As I stirred, I couldn’t shake that feeling running up and down my spine that I wasn’t enough.. Or the creeping sensation that I had lost my magick, never to be found again.
But I still made that batch of tea. I brewed it and tasted it and decided that it was ok. Over the next few months, though, I somehow started to believe that it was one of the worst teas that I had made. I shoved it back in my herb cabinet, not wanting to waste the herbs, but not sure what to do with it quite yet.
A few more months passed and I had another class to teach. It happened on the heels of a rough few days of bittersweet revelation. I needed to bring tea to the class and did not have time to create a new blend. I saw the jar of lunar tea sitting on the shelf and grabbed it. As I was brewing it for the class a strange peace settled over me and I had the feeling that it might just be ok. That I was ok.
The class gathered, the tea was served, and I left a few hours later feeling more like myself than I had in a very long time. And folks loved the tea - I ran out of it before the class was even halfway over.
Walking home after class, carrying a heart full of healing vibes, and an empty tea canister, I was reminded that magick can be sudden but it’s most often slow. It requires us to trust in the long run. Magick asks us to trust in our future self even when we’re uncertain about who we currently are. And while magick doesn’t provide a predictable journey it’ll always provides a path.
My experience with that Moon-inspired tea pulled together a lot of personal lessons that I’ve been wrestling with the past few years. It also helped me to re-member (to put back together), as the Moon so often does, my joy of slow magick. A magick that takes time. A magick that refuses to speed up to fit the needs of culture or fade. A magick that shows up in uncertainty and charts a path towards resiliency. A magick that asks more questions than provide answers.
I found myself dreaming up and planning classes that I had been too hesitant to consider before. And reconnecting to the truth that what I teach has value (if for any other reason than it brings me joy). I’ve found myself wanting to write more openly about particularities of my spiritual path and what being a Witch and Priestx means to me. I started with a story on instagram about my spiritual geas (something which is both a prohibition and obligation, a restriction - or curse when particularly difficult - and gift) when working with crystals. Within it I mentioned a need for a slow magick movement within our magickal community. The conversations that sprung up around that post were amazing and this next year I’m going to spend time diving into the idea of slow magick with all of you (you can start to read some of my thoughts here). But for now, let’s make some tea…
Luna Love Spell Tea
A Moon-inspired tea of nine sacred herbs to help you fall back in love with your magick.
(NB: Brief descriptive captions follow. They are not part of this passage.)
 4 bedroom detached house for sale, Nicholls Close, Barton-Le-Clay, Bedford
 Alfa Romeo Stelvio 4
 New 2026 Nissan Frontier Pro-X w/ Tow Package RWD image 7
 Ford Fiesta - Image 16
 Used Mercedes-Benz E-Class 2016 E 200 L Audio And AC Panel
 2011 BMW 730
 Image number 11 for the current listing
Combine all herbs and brew between 5 - 20 minutes.
- 4 parts Lemongass (Cymbopogon citratus)
- 1 part Damiana (Turnera diffusa)
- 1/2 part Honeysuckle (Lonicera japonica)
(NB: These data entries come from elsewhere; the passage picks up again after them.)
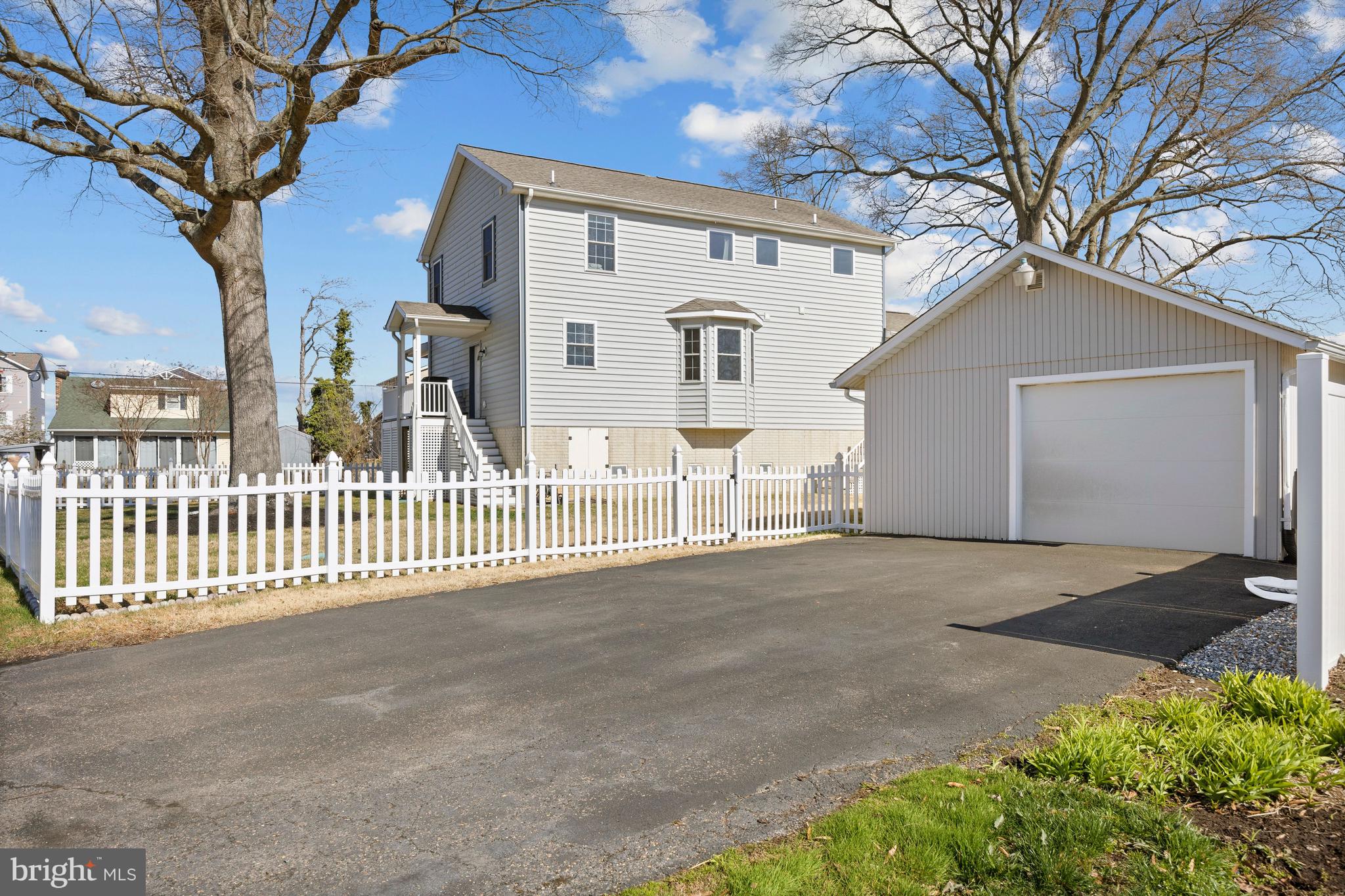 3700 BEACH DRIVE BOULEVARD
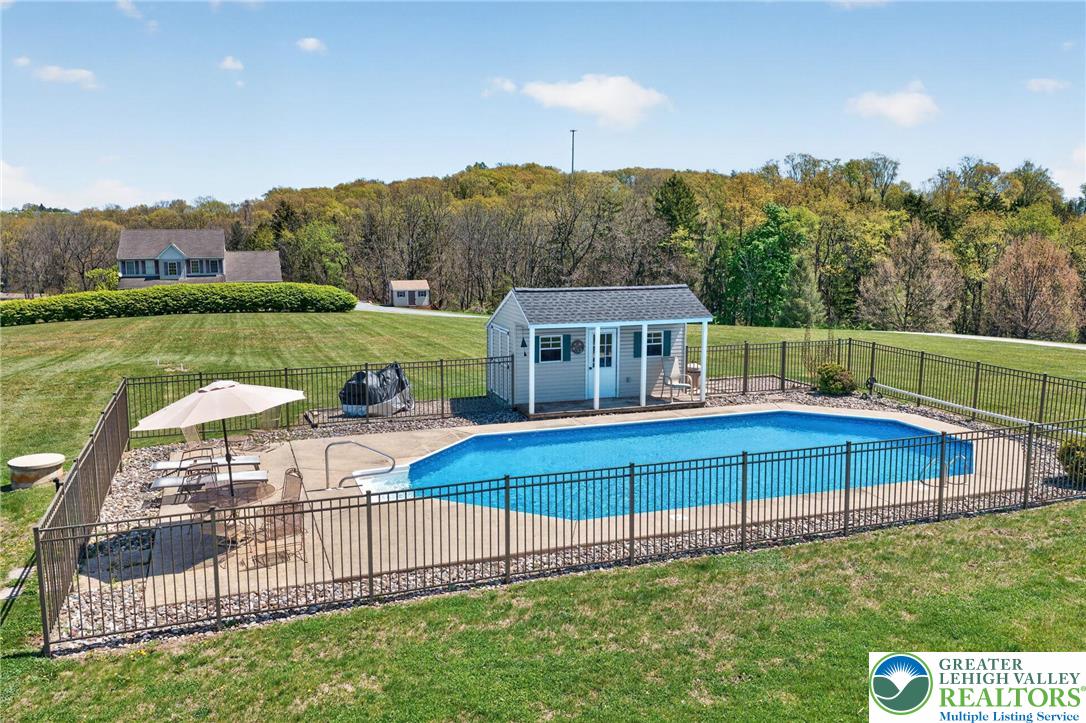 353 Farmington Road Breinigsville, PA 18031 - Photo 39 of 41 Pool house adds convenience and charm
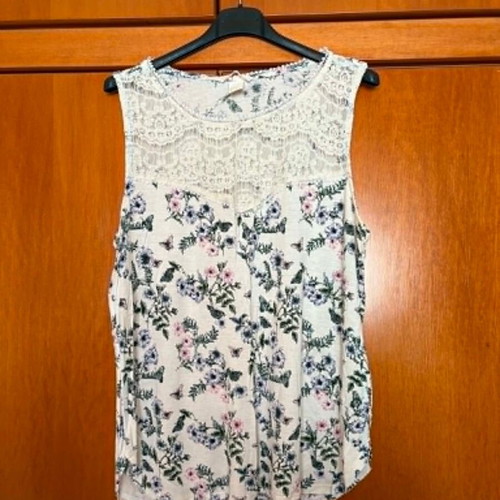 H&M women's blouse like new, size L, white with floral pattern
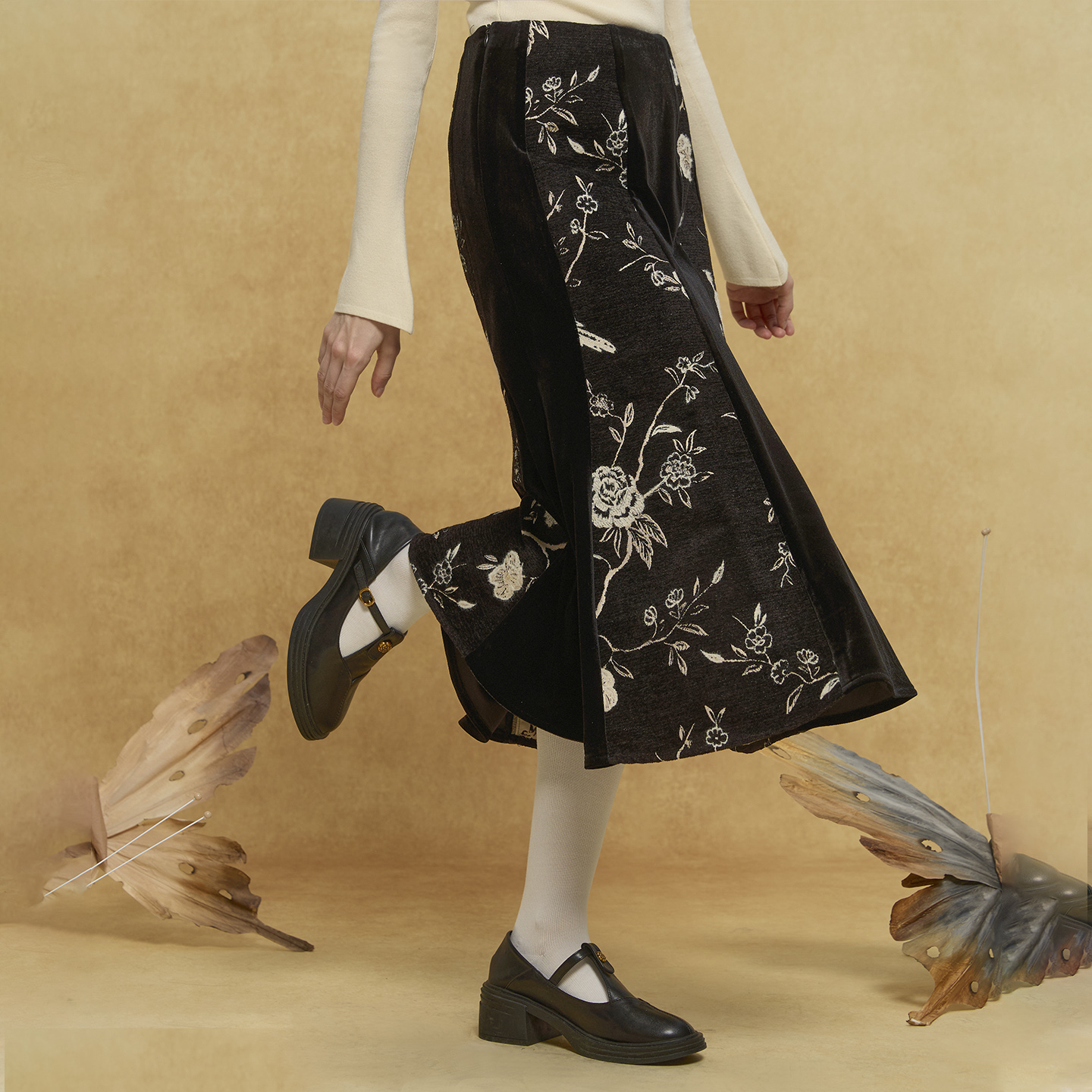 尾鸢录2025秋冬原创花间鸟新中式丝绒花瓣半身裙小鱼尾百搭小众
- 1/4 part Blue Lotus (Nelumbo nucifera)
- 1/4 part Lemon (Citrus x limon)
- 2 parts Passionflower (Passiflora incarnata)
- 1/2 part Lavender (Lavandula x intermedia)
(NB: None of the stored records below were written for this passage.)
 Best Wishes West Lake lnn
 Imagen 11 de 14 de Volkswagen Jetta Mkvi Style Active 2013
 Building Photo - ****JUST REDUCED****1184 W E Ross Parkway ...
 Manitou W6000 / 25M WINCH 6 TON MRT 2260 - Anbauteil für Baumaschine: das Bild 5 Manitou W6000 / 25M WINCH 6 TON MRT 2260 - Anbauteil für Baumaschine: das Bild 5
- 1/4 part Jasmine (Jasminum spp.)
- 1/4 part Mugwort (Artemisa vulgaris)
May you fall in love with your magick again, wise ones and witch kin. I hope you'll join me on my journey this coming year through the world of slow magick. There'll be tea, new types of content (hiya, videos!), and a renewed commitment to a magick that is in pace with the values of love, fierce justice, and radical kindness that has drawn us altogether in the first place.